[[ GIVEN DATA open ]]

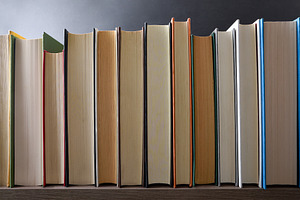 Row of books showing the front edge on a shelf, a School & Education Photo by Davizro's Market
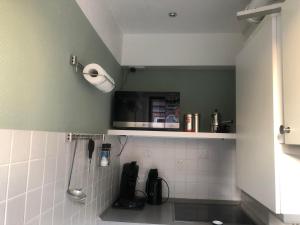 a kitchen with a counter with a microwave above it at Ruhe auf Borkum in Borkum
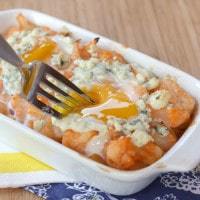 Buffalo cauliflower baked eggs in a casserole dish.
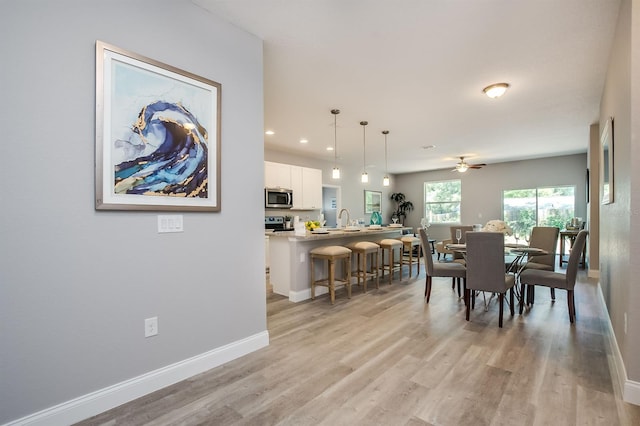 dining room featuring light wood-type flooring, ceiling fan, baseboards, and recessed lighting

[[ GIVEN DATA closed ]]

WHAT YOU NEED TO DO
Start with the line that holds "Buffalo cauliflower baked" and retype each line through the last one in the data, exactly and without pictures.

WRITTEN SOLUTION
 Buffalo cauliflower baked eggs in a casserole dish.
 dining room featuring light wood-type flooring, ceiling fan, baseboards, and recessed lighting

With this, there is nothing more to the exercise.